Sur le point de savoir si le continent africain est la cible de la Cour pénale internationale, il convient de s’interroger sur le déclenchement de l’action de la Cour portant sur les situations se trouvant sur le territoire de l’Afrique. En effet, sur les 8 situations portées actuellement devant la Cour, 8 recouvrent des faits qui auraient été commis sur le continent africain. Toutefois, et il y a lieu de le mettre en exergue, 5 sur 8 ont été déférées à la Cour par les États eux-mêmes : la Côte d’Ivoire, le Mali, l’Ouganda, la République centrafricaine et la République démocratique du Congo. Pour cette proportion, ce n’est donc pas la Cour qui a choisi l’Afrique mais l’Afrique qui a choisi la Cour ; tout d’abord en ratifiant le Statut de Rome, ensuite en sollicitant ses services. La situation au Kenya est, à ce stade, la seule ouverte à l’initiative du Procureur. Les situations au Darfour et en Libye ont quant à elles été déférées à la Cour par le Conseil de sécurité des Nations Unies. Sur ce dernier point, il n’est pas douteux que l’implication du Conseil de sécurité dans les activités de la Cour s’accompagne automatiquement d’un caractère politique affirmé. En effet, le Conseil de sécurité est – et a toujours été – un organe ayant une nature et une fonction éminemment politiques. Les relations entre la Cour pénale internationale, l’Assemblée des États parties au Statut de Rome et le Conseil de sécurité des Nations Unies font l’objet de vives discussions entre les États. Ceci particulièrement depuis la résolution par laquelle le Conseil de sécurité a saisi le Procureur de la Cour de la situation en Libye (S/RES/1970).

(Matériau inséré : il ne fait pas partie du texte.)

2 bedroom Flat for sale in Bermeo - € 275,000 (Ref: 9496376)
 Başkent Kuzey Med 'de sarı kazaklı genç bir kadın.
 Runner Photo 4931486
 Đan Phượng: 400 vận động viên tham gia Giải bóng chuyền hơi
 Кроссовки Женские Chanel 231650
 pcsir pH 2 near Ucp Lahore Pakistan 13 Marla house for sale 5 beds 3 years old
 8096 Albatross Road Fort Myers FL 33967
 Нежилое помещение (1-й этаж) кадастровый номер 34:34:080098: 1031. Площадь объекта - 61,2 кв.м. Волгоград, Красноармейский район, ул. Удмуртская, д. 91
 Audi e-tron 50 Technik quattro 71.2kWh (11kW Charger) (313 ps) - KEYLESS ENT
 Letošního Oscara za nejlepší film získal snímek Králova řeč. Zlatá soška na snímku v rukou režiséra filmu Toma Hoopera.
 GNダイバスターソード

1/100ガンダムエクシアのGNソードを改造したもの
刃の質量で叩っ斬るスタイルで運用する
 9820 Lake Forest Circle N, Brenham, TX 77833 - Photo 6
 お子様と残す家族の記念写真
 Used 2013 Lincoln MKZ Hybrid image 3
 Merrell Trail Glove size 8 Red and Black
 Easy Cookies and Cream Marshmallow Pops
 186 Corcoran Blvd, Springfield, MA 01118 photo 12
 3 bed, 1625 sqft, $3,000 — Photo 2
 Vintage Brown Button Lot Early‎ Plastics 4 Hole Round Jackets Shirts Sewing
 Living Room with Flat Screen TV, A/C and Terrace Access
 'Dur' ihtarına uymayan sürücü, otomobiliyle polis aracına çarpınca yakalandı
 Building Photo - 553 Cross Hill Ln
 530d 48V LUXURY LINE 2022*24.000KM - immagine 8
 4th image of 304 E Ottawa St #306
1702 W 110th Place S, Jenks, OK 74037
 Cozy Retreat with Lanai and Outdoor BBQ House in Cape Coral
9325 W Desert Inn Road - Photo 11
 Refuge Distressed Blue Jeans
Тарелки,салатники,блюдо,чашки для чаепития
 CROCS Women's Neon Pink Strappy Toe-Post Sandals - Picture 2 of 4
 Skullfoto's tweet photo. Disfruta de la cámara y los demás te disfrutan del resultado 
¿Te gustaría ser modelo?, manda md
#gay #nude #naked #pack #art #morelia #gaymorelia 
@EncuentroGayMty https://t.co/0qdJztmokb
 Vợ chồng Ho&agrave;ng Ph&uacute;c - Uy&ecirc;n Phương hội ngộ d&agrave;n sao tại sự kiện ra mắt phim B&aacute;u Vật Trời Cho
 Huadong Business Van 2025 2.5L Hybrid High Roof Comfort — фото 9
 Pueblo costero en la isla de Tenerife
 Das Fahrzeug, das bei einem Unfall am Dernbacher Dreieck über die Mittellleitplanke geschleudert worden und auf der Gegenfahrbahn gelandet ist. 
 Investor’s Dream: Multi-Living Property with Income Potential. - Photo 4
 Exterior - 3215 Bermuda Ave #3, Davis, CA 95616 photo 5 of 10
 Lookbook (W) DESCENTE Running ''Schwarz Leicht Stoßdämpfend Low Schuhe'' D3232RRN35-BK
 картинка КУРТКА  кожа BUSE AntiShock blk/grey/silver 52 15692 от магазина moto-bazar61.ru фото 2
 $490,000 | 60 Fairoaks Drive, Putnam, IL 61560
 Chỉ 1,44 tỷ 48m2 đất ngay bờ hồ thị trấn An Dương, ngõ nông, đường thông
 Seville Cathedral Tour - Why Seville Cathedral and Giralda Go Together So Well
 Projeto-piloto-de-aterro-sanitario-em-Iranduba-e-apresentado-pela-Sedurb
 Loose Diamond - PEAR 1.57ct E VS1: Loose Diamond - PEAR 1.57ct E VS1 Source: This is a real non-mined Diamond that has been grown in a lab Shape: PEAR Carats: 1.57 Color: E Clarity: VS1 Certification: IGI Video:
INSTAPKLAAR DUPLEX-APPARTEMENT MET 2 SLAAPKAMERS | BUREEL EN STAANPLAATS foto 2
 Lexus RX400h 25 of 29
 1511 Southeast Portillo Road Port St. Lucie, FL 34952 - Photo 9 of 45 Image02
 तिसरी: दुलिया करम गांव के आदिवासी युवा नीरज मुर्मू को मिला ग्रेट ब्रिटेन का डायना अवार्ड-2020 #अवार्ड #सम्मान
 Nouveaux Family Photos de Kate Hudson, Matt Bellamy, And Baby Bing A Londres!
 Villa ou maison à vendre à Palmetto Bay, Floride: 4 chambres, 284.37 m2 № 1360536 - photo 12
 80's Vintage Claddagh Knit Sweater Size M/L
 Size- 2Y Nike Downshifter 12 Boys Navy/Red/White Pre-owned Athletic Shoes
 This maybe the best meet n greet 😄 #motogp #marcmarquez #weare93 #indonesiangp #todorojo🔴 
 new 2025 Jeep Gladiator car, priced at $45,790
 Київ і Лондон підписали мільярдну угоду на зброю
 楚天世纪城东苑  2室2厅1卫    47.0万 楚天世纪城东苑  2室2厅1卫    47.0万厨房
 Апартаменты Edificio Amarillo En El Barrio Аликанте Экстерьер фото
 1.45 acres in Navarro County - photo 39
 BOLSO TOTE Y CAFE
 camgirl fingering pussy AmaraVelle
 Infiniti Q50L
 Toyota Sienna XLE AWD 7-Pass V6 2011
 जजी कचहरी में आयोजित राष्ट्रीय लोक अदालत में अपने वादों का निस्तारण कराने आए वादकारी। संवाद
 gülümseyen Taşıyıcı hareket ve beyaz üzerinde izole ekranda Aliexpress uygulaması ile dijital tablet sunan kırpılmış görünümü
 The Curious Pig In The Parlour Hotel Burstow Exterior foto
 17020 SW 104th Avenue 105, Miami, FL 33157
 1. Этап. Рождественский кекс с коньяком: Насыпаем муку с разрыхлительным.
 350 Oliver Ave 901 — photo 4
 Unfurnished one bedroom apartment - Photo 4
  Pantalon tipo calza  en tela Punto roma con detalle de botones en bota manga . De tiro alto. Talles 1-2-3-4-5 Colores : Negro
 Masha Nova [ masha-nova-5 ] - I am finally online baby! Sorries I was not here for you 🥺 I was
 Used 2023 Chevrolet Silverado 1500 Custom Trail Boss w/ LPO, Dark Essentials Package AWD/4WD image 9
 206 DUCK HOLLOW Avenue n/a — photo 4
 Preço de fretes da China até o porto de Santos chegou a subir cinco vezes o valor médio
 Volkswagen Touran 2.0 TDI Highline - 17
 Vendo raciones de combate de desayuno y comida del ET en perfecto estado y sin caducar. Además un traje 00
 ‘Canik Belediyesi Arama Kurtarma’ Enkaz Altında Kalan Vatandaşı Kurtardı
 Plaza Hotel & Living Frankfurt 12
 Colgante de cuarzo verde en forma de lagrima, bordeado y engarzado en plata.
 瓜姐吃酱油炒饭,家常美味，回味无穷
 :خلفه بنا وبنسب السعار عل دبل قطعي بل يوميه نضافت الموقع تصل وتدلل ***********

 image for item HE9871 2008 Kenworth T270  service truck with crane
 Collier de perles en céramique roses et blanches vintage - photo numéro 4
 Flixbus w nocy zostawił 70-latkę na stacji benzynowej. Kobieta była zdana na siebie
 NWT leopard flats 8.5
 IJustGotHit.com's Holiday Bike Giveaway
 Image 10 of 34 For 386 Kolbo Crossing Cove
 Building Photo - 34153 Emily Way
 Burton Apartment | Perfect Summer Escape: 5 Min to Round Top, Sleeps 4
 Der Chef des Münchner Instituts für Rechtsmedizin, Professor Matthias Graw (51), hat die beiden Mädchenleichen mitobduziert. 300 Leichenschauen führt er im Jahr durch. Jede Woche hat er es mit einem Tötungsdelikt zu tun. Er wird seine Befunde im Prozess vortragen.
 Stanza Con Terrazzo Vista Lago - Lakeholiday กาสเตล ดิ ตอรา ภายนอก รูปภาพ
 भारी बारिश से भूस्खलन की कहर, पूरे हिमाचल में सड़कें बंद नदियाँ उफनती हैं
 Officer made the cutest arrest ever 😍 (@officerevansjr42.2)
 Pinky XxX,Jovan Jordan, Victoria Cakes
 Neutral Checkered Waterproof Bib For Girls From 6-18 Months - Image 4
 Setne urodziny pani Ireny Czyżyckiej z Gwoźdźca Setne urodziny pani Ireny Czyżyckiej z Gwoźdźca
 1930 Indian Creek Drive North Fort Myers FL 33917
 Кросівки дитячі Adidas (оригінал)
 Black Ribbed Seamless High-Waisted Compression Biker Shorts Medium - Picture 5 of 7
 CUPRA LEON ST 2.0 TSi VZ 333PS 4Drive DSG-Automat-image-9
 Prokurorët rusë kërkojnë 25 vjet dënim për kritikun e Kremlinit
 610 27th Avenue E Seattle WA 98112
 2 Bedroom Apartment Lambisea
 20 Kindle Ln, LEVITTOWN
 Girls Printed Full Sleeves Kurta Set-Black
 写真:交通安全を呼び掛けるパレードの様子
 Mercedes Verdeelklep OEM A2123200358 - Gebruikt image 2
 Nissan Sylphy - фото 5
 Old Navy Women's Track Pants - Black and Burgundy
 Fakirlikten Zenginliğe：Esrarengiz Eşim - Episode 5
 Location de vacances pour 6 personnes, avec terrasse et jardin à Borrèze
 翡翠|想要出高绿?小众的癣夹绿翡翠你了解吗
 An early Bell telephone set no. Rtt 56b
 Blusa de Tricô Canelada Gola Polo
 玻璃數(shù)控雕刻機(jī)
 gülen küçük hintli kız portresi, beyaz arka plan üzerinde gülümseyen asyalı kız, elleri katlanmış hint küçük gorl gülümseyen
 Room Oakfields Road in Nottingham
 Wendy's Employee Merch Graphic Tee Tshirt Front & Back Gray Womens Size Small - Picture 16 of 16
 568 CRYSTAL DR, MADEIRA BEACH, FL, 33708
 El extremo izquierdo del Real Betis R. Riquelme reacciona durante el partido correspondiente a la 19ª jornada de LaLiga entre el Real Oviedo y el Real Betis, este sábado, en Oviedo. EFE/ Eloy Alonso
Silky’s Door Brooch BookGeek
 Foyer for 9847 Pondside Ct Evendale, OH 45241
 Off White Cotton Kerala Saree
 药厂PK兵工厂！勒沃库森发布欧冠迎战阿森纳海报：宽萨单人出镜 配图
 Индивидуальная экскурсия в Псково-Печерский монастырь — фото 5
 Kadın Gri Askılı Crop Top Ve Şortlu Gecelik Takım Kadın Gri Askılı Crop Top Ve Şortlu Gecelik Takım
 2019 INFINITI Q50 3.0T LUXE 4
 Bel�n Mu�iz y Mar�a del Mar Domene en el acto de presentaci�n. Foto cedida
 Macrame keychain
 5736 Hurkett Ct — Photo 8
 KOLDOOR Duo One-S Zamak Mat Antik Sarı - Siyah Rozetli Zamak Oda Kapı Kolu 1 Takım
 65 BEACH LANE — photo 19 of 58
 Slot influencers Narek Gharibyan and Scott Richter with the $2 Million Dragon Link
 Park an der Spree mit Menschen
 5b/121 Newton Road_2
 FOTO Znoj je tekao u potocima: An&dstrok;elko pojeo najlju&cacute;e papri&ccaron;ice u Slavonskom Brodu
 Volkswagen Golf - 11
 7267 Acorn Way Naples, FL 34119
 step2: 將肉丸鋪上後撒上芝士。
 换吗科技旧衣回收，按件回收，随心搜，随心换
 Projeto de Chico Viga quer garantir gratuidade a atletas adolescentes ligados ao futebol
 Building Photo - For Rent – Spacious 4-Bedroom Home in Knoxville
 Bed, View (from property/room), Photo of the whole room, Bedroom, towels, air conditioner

Au total, en 2013, la « journée de la justice pénale internationale » n’est en réalité et à ce stade que la journée de la Cour pénale internationale. Souhaitons qu’elle puisse être, à l’avenir, partagée par l’ensemble des acteurs publics et privés de la justice pénale internationale, sur une étendue géographique en rapport avec sa vocation universelle. Souhaitons également qu’elle soit une occasion de réfléchir au principe de Justice internationale dans un esprit de sincérité, permettant d’apprendre du passé et de trouver des solutions innovantes aux problèmes rencontrés.